New 'old' brands entice consumers

  • 2003-08-14
  • Ieva Tuna
RIGA - With supermarket shelves stacked full of shiny, glossy and often sterile products, each of which claims to be new, several Latvian companies have bucked the trend by coming up with product designs that hark back to the time of homemade, grandmotherly quality.
In fact, when it comes to packaging a product "retro" is in, and more and more companies are exploring ways to use the theme.
Viktor Yefimov, president of Velte L, had been selling hot sauces, marinades and garnishes for seven years with marginal success, but once he placed a small cream-colored cloth over the tops of sauce jars, many customers took notice for the first time.
"The cloth trim emphasizes once more that the product is handmade, that its spices are grown on ecologically pure land in Latgale [southeastern Latvia] and made according to our grandmothers' recipes," said Yefimov, who developed Velte L's marketing concept – the cloth trim with a stamped logo, Collection Evald.
He explained that Collection Evald, which now boasts 20 kinds of sauces and garnishes, is based on old recipes originating from a variety of countries, including the Caucasus region. The old recipes were then adjusted to please the taste buds of Europeans.

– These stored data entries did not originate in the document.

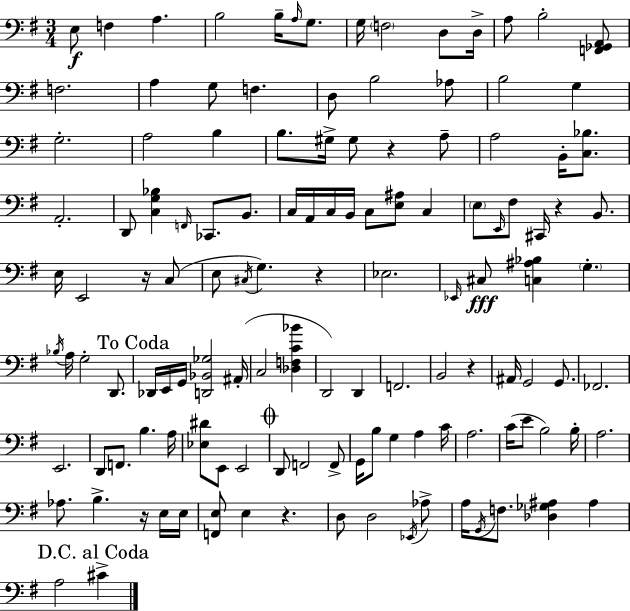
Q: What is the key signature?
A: G major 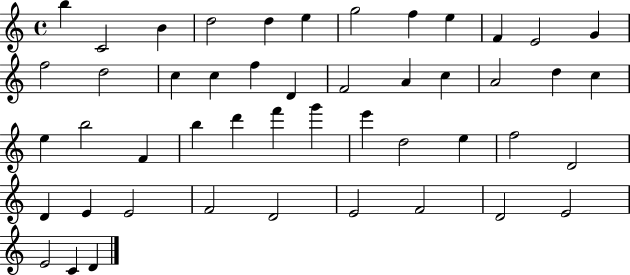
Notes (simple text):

B5/q C4/h B4/q D5/h D5/q E5/q G5/h F5/q E5/q F4/q E4/h G4/q F5/h D5/h C5/q C5/q F5/q D4/q F4/h A4/q C5/q A4/h D5/q C5/q E5/q B5/h F4/q B5/q D6/q F6/q G6/q E6/q D5/h E5/q F5/h D4/h D4/q E4/q E4/h F4/h D4/h E4/h F4/h D4/h E4/h E4/h C4/q D4/q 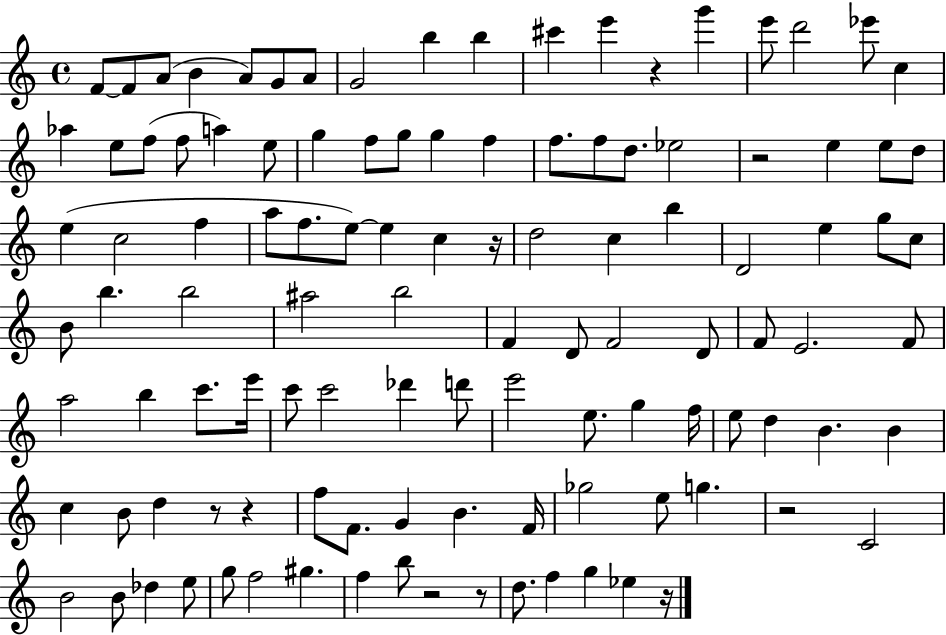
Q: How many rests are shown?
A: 9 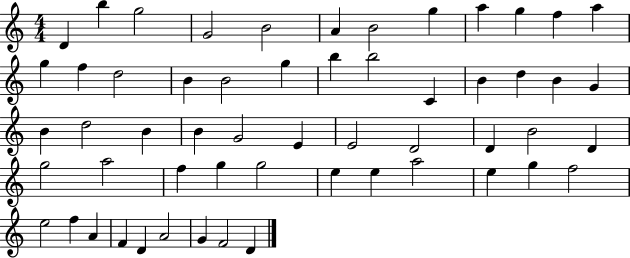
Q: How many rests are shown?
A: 0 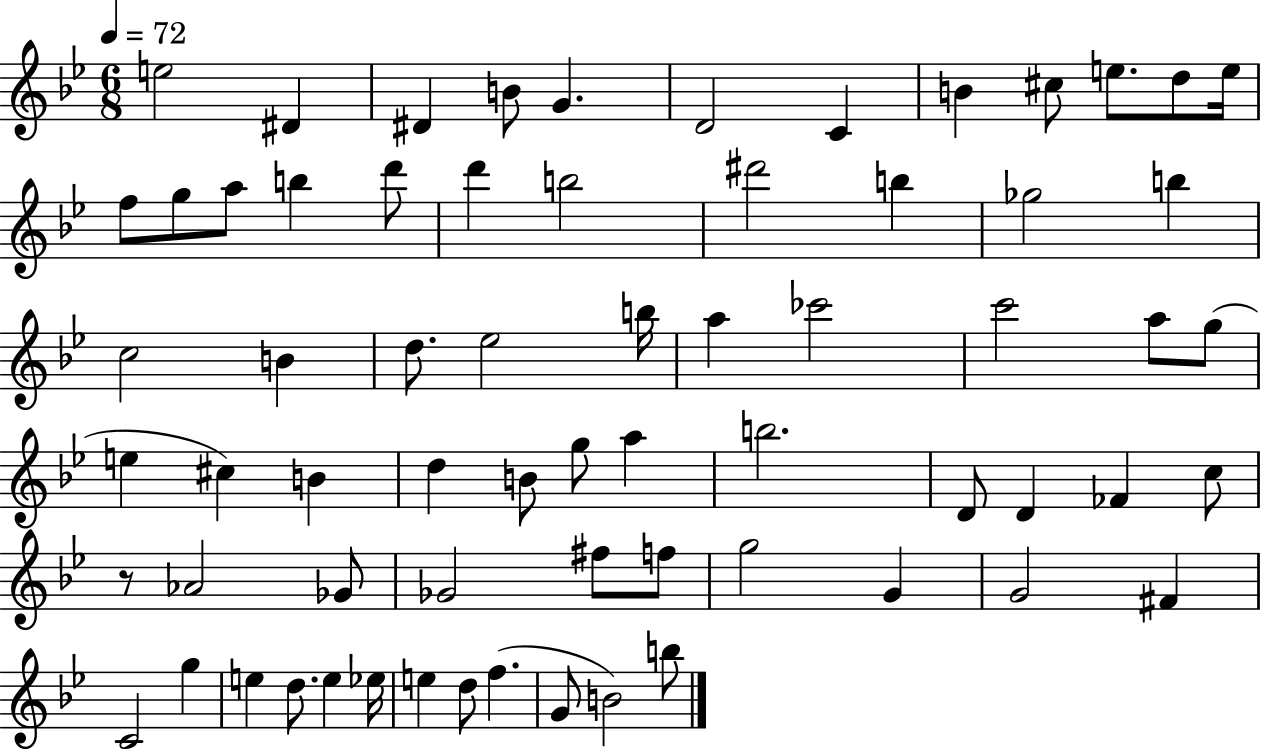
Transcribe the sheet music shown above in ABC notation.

X:1
T:Untitled
M:6/8
L:1/4
K:Bb
e2 ^D ^D B/2 G D2 C B ^c/2 e/2 d/2 e/4 f/2 g/2 a/2 b d'/2 d' b2 ^d'2 b _g2 b c2 B d/2 _e2 b/4 a _c'2 c'2 a/2 g/2 e ^c B d B/2 g/2 a b2 D/2 D _F c/2 z/2 _A2 _G/2 _G2 ^f/2 f/2 g2 G G2 ^F C2 g e d/2 e _e/4 e d/2 f G/2 B2 b/2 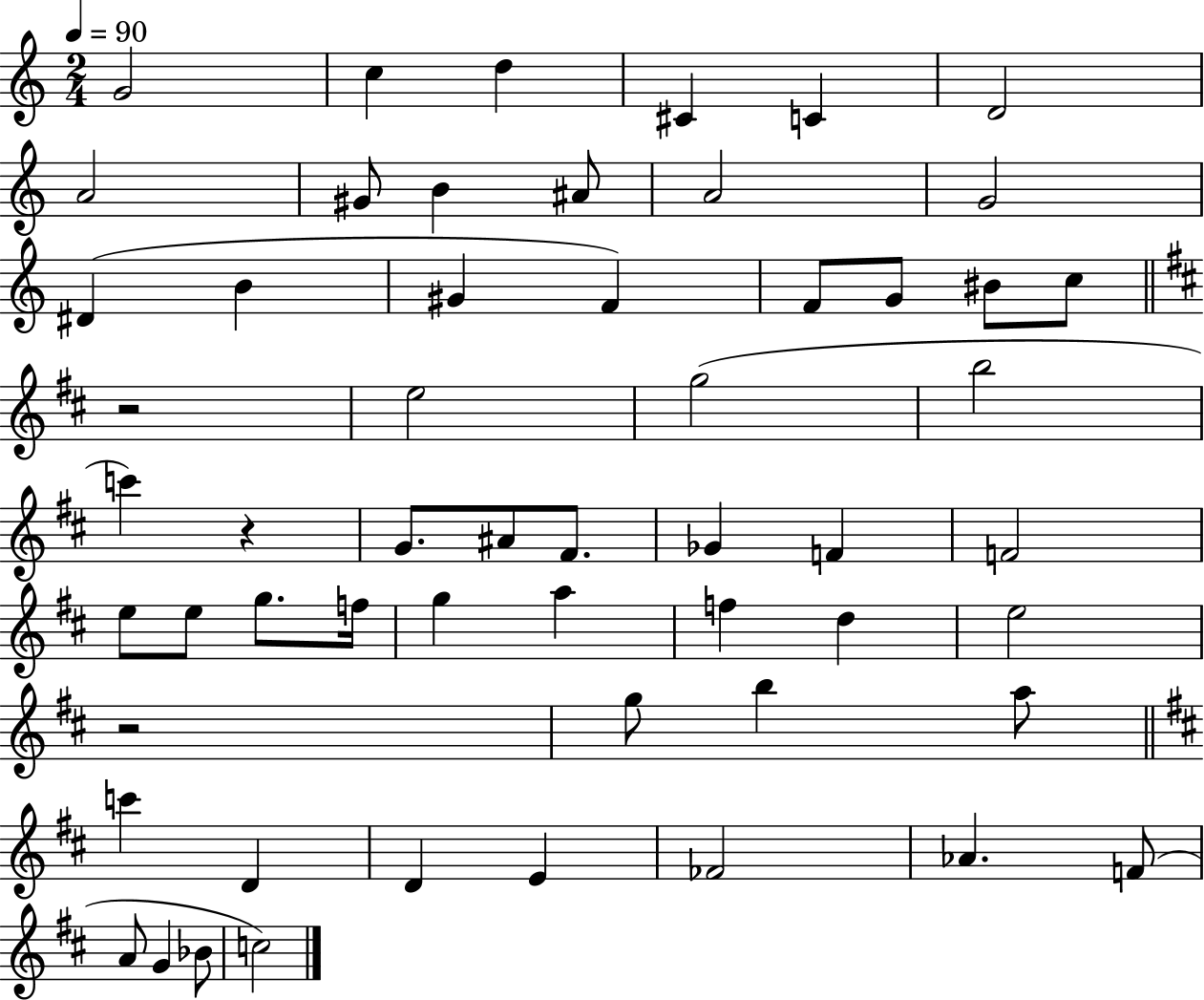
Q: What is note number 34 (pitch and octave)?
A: F5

The name Evalds, an old Latvian name that is now rare, was chosen with care to better convey the product's image as something "respectable, maybe a little aristocratic and sophisticated," said Yefimov, who had the concept and the skirted jar-cover look patented in Latvia.
"It's not like [the name] Vanyka. With Evald it is clear that he is not a shepherd or a locksmith," he explained.
A different man's name inspired the branding of yet another company's product. Emihla Gustava Shokolahde, a chocolate shop making its own in-house sweets, opened last month in Riga.
The name spelling on the company logo is that of the Latvian language used back in the 1930s. Emihla Gustava Shokolahde is a true retro concept from store design to product appearance, creating a 1930s atmosphere in the shop's interior and the way the chocolate is packaged and presented.
In the popular imagination, the 1930s – the time of the first Republic of Latvia, before the 50-year Soviet occupation begun – are remembered as times of abundance for Latvia.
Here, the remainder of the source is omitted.